David Kellermann, who became Freddie's CFO when the government took over Freddie and Fannie in September, was found dead Wednesday.
Both institutions have lost the CEOs the government installed last fall and have seen other high-level executive departures.
Paul Miller, analyst at FBR Capital Markets, said a reason for the departures is that those who had taken on high-profile positions after the government takeovers believed the agencies would be spun off in a year.
The federal conservatorships have meant less control, lower salaries and public criticism of executive bonuses. In April, the agencies came under fire for their plans to pay $210 million in retention bonuses to employees.
"A lot of people who had been attracted there had thought it would be a year and they'd be public companies," Miller said. "Instead, it's a political land mine."
The two institutions also face the heavy burden of resuscitating the housing market. Under the Obama rescue plan, both agencies have been directed to modify millions of home loans and provide up to 5 million loan refinancings.
Fannie and Freddie hold or guarantee about half of the mortgages in the USA. They play a critical role in funding the mortgage market by buying mortgages made by banks and bundling them into securities to sell to investors.

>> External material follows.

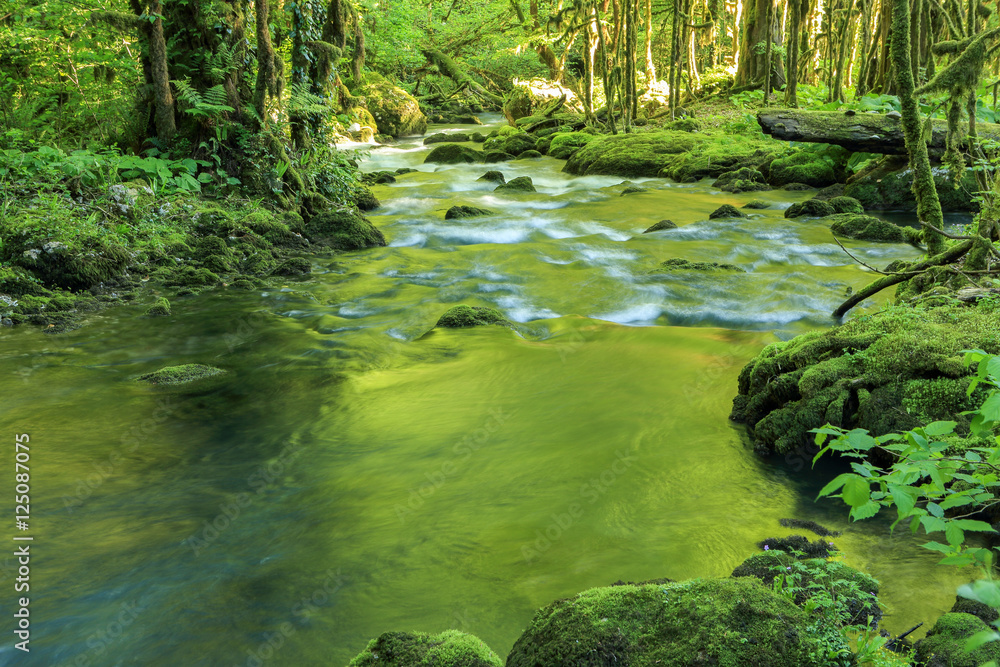 Mountain river flows through the boxwood forest, Abkhazia Mountain river flows through the boxwood forest, Abkhazia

But as more mortgages have defaulted, their losses have grown. The government has thrown them some financial lifelines. It has pledged up to $200 billion to each of them and has invested nearly $60 billion in their preferred shares since September.
Both agencies have said they may need more help. In March, Freddie announced a fourth-quarter loss of $23.9 billion. It has received about $45 billion in federal aid.
In addition, the Justice Department and the Securities and Exchange Commission have been investigating accounting, disclosure and corporate governance issues at Freddie since late last year. The SEC issued subpoenas for certain Freddie Mac documents in January and February, the company said in recent securities filings.
Freddie's top leadership has changed repeatedly since fall. The government ousted Freddie Mac CEO Richard Syron in September and his replacement, David Moffett, resigned last month. John Koskinen, a board member, was named interim CEO.
James Lockhart, director of the Federal Housing Finance Agency, which regulates Fannie and Freddie, said a search is underway for a CEO and CFO.
This month, Fannie Mae appointed Michael Williams, its former chief operating officer, as CEO, succeeding Herbert Allison, who has been nominated for a Treasury position overseeing the financial bailout program.